Posts Tagged ‘First Amendment’


FOI Daily Dose: South Carolina court rules public bodies cannot use First Amendment to evade FOIA

The South Carolina Supreme Court ruled July 17 that organizations supported by public funds cannot use the First Amendment to evade the state Freedom of Information Act, according to Greenville Online.

The opinion echoed a 1991 Supreme Court ruling when The Greenville News sought access to records of a University of South Carolina foundation, and the South Carolina Association of School Administrators (SCASA) claimed disclosing the information violated their First Amendment rights to free speech and free association.

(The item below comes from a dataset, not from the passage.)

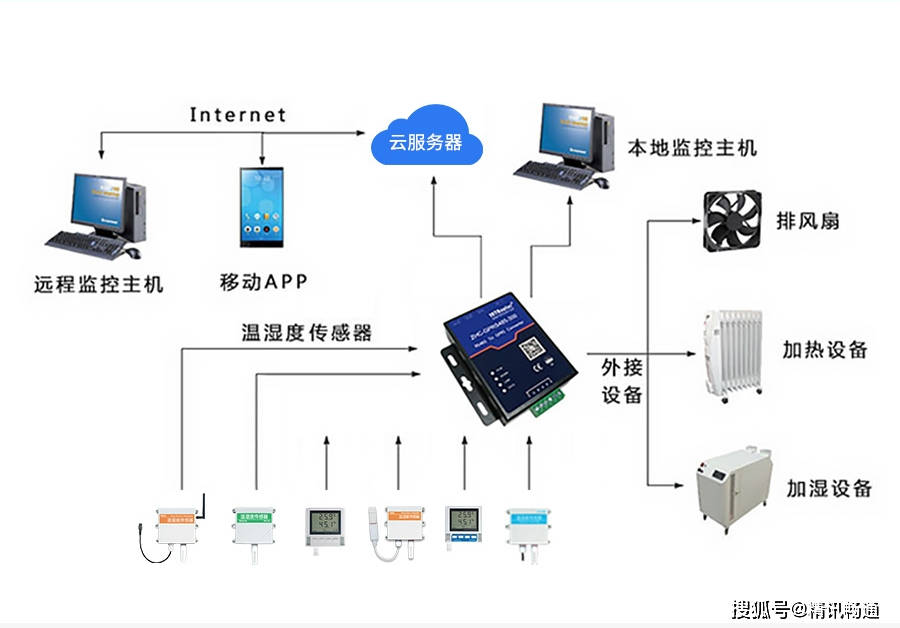 测温监控系统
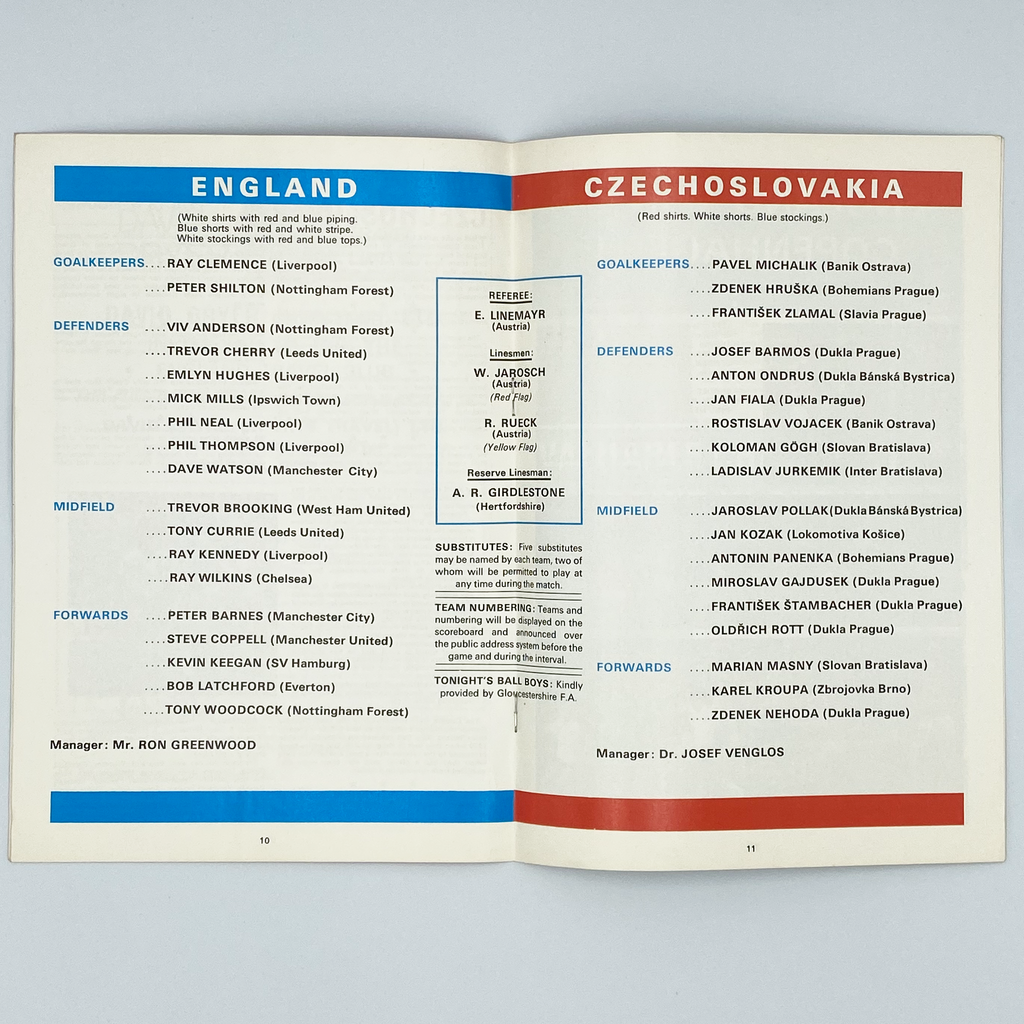 England vs Czechoslovakia Programme & Ticket (29 November 1978)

The 1991 ruling said organizations supported in whole or in part by public funds are public bodies subject to the FOIA.

But in the most recent legal dispute, radio personality Rocky Disabato claimed SCASA violated the public records law by refusing to meet his request for information about its role in a high-profile lawsuit against then-Gov. Mark Sanford over federal stimulus funds, according to The State.

The SCASA said state FOIA does not apply to them because even though they engage in public advocacy and receive some public funding, they operate as a non-profit organization, and the FOIA infringes their rights to free speech and association.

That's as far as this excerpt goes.